- [EXERCISE REQUIREMENTS]
Starting with the line that contains "Stray Dog and Angel - Chapter 9.2 - Page 8" and stopping after the line that contains "Zwilling Simplify Cookware", copy the entries below exactly. Include nothing else.

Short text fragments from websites
• • • • •

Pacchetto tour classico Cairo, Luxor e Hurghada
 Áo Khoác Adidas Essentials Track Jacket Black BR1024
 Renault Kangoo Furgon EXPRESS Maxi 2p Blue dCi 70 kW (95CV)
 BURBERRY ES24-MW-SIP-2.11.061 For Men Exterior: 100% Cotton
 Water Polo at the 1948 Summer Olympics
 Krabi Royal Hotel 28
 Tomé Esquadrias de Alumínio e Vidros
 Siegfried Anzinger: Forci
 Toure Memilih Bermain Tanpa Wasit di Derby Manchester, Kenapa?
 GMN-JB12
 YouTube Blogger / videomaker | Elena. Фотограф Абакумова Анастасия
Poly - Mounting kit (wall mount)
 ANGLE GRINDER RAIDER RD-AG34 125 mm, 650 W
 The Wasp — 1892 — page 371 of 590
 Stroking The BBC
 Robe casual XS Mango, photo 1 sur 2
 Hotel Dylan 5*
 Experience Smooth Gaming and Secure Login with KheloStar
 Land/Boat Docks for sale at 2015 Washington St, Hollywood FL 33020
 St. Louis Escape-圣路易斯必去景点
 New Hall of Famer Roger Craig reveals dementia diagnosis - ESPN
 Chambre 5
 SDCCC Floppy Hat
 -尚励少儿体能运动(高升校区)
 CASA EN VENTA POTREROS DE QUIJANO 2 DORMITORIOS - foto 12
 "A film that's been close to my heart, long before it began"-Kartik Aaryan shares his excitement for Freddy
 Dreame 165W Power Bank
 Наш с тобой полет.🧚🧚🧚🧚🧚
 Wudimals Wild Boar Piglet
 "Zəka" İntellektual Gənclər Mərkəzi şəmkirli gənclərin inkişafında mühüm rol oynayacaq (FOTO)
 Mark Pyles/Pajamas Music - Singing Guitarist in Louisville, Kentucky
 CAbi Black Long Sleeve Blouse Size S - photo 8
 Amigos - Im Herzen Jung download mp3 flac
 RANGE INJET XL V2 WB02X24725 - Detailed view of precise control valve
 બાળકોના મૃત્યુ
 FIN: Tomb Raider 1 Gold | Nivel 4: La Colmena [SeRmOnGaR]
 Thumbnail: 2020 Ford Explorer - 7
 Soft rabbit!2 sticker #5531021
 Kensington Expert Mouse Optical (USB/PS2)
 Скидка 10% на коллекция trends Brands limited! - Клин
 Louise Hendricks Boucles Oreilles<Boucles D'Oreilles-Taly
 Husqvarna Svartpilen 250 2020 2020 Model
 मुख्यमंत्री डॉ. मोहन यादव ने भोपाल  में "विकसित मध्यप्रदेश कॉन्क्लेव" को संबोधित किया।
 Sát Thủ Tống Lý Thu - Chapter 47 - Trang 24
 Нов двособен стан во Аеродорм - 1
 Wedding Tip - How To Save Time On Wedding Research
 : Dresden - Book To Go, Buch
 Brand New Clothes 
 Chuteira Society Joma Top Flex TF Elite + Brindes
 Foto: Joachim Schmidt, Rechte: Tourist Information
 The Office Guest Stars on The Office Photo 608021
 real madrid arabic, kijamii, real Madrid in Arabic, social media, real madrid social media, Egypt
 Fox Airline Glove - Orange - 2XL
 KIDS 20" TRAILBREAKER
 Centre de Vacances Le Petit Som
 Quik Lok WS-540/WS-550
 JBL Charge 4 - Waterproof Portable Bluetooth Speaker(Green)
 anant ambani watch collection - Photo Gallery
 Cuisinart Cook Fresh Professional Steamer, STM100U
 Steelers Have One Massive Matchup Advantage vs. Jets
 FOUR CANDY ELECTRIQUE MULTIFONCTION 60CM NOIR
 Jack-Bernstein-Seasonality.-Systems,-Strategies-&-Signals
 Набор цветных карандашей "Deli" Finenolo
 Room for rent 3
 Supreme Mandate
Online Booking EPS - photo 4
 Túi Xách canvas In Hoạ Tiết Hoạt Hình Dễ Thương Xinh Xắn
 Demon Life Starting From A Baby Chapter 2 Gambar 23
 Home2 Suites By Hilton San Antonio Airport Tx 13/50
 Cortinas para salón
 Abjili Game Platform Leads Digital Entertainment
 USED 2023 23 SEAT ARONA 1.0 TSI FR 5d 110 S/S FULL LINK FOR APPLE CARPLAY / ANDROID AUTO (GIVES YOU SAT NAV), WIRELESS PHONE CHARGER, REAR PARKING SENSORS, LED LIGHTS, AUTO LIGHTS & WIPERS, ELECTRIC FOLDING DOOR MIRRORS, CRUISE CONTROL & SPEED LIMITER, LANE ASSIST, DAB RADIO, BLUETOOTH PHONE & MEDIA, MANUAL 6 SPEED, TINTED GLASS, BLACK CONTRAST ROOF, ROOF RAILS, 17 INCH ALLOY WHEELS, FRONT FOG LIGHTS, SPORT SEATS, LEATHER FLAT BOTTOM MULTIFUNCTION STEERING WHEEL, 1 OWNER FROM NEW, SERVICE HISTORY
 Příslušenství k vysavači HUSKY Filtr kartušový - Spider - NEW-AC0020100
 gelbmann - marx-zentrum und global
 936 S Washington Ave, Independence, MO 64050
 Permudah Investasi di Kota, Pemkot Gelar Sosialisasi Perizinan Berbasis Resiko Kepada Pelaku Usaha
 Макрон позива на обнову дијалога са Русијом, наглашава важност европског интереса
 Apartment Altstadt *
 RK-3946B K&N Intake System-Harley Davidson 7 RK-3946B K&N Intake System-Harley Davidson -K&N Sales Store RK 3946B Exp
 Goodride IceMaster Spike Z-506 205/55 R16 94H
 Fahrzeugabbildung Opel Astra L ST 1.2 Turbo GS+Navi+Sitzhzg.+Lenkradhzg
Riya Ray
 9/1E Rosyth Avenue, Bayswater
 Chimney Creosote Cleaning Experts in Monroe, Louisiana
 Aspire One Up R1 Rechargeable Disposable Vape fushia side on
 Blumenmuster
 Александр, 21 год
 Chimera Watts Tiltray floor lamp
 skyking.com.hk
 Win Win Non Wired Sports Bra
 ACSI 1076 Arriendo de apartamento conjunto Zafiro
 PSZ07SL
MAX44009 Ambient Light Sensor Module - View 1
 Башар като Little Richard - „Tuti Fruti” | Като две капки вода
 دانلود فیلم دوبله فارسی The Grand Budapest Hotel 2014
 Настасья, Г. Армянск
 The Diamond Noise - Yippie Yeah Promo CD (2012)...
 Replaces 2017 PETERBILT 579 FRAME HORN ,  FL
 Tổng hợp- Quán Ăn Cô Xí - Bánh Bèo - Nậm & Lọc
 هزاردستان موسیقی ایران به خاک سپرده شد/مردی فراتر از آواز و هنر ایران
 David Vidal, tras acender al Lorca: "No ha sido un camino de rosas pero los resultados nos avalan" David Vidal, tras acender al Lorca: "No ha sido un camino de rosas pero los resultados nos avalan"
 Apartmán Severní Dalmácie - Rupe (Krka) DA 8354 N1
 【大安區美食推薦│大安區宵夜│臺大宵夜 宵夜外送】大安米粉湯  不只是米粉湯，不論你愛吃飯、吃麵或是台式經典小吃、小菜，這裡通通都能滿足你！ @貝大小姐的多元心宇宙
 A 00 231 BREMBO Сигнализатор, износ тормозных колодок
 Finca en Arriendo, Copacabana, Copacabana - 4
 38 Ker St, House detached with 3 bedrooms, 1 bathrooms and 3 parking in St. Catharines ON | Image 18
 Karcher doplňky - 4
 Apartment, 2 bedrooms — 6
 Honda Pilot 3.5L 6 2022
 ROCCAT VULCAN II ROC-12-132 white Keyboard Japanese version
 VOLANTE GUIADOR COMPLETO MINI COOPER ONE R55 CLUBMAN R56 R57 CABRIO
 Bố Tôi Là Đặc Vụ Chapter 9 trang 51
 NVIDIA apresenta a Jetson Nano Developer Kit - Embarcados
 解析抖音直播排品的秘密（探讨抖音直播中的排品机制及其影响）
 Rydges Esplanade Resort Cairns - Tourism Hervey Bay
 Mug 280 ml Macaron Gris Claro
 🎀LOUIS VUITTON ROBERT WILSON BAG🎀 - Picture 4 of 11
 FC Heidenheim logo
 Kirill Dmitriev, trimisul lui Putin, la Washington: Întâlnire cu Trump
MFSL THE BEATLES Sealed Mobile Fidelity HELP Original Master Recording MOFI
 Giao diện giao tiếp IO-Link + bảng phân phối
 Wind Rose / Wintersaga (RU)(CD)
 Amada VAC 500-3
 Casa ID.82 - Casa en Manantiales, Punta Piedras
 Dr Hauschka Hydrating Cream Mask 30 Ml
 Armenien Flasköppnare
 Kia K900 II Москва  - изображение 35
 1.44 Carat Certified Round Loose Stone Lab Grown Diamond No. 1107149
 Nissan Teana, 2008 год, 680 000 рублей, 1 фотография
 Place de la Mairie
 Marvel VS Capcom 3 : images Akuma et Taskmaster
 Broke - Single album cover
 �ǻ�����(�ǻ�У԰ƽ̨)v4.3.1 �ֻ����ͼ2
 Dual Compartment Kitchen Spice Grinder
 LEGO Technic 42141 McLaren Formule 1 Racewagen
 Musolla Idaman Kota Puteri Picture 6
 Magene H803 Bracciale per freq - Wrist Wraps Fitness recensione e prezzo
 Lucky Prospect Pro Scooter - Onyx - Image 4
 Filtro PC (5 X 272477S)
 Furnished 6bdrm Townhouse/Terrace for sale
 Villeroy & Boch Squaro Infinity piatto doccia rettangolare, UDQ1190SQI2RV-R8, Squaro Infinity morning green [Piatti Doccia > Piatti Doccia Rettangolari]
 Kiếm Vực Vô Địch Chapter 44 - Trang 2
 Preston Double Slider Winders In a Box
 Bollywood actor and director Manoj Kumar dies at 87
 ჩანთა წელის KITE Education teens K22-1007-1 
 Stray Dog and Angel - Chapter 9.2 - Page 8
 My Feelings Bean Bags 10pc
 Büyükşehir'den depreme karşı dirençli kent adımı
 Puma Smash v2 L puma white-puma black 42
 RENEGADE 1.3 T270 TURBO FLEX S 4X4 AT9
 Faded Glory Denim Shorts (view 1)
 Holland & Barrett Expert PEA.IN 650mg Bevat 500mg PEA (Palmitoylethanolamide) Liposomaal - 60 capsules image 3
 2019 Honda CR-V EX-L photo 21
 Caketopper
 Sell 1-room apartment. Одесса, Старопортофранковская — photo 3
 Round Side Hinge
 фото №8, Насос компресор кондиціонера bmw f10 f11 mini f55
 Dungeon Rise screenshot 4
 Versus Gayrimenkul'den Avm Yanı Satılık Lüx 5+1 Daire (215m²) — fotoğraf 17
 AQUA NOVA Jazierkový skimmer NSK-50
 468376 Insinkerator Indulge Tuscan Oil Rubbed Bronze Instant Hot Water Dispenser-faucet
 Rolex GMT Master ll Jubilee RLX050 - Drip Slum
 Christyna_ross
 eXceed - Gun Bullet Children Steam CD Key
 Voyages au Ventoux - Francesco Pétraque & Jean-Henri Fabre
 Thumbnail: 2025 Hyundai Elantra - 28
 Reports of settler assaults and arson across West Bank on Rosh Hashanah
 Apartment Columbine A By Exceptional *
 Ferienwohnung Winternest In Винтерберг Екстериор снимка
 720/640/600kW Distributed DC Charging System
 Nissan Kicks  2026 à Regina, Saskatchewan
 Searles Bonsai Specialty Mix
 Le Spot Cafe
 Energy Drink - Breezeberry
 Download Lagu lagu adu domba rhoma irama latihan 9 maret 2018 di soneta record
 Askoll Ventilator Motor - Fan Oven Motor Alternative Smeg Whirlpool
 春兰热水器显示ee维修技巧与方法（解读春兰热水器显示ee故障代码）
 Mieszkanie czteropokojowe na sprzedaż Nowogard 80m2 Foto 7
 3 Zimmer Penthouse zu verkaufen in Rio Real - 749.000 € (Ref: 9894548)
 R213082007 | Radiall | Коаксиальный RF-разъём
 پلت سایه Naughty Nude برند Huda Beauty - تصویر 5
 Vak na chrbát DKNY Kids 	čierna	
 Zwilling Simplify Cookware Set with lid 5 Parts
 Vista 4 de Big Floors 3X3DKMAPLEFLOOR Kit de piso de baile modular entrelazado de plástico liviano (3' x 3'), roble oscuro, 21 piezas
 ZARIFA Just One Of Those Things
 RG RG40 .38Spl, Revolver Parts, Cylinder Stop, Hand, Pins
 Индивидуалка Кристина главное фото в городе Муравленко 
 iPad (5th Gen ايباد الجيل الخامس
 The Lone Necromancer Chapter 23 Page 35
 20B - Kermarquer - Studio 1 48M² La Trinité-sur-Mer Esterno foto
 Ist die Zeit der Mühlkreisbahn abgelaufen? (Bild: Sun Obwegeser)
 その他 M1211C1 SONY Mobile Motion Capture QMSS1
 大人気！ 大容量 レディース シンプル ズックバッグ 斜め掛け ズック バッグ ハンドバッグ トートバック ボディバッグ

• • • • •

- [ANSWER SPACE]
 Stray Dog and Angel - Chapter 9.2 - Page 8
 My Feelings Bean Bags 10pc
 Büyükşehir'den depreme karşı dirençli kent adımı
 Puma Smash v2 L puma white-puma black 42
 RENEGADE 1.3 T270 TURBO FLEX S 4X4 AT9
 Faded Glory Denim Shorts (view 1)
 Holland & Barrett Expert PEA.IN 650mg Bevat 500mg PEA (Palmitoylethanolamide) Liposomaal - 60 capsules image 3
 2019 Honda CR-V EX-L photo 21
 Caketopper
 Sell 1-room apartment. Одесса, Старопортофранковская — photo 3
 Round Side Hinge
 фото №8, Насос компресор кондиціонера bmw f10 f11 mini f55
 Dungeon Rise screenshot 4
 Versus Gayrimenkul'den Avm Yanı Satılık Lüx 5+1 Daire (215m²) — fotoğraf 17
 AQUA NOVA Jazierkový skimmer NSK-50
 468376 Insinkerator Indulge Tuscan Oil Rubbed Bronze Instant Hot Water Dispenser-faucet
 Rolex GMT Master ll Jubilee RLX050 - Drip Slum
 Christyna_ross
 eXceed - Gun Bullet Children Steam CD Key
 Voyages au Ventoux - Francesco Pétraque & Jean-Henri Fabre
 Thumbnail: 2025 Hyundai Elantra - 28
 Reports of settler assaults and arson across West Bank on Rosh Hashanah
 Apartment Columbine A By Exceptional *
 Ferienwohnung Winternest In Винтерберг Екстериор снимка
 720/640/600kW Distributed DC Charging System
 Nissan Kicks  2026 à Regina, Saskatchewan
 Searles Bonsai Specialty Mix
 Le Spot Cafe
 Energy Drink - Breezeberry
 Download Lagu lagu adu domba rhoma irama latihan 9 maret 2018 di soneta record
 Askoll Ventilator Motor - Fan Oven Motor Alternative Smeg Whirlpool
 春兰热水器显示ee维修技巧与方法（解读春兰热水器显示ee故障代码）
 Mieszkanie czteropokojowe na sprzedaż Nowogard 80m2 Foto 7
 3 Zimmer Penthouse zu verkaufen in Rio Real - 749.000 € (Ref: 9894548)
 R213082007 | Radiall | Коаксиальный RF-разъём
 پلت سایه Naughty Nude برند Huda Beauty - تصویر 5
 Vak na chrbát DKNY Kids 	čierna	
 Zwilling Simplify Cookware Set with lid 5 Parts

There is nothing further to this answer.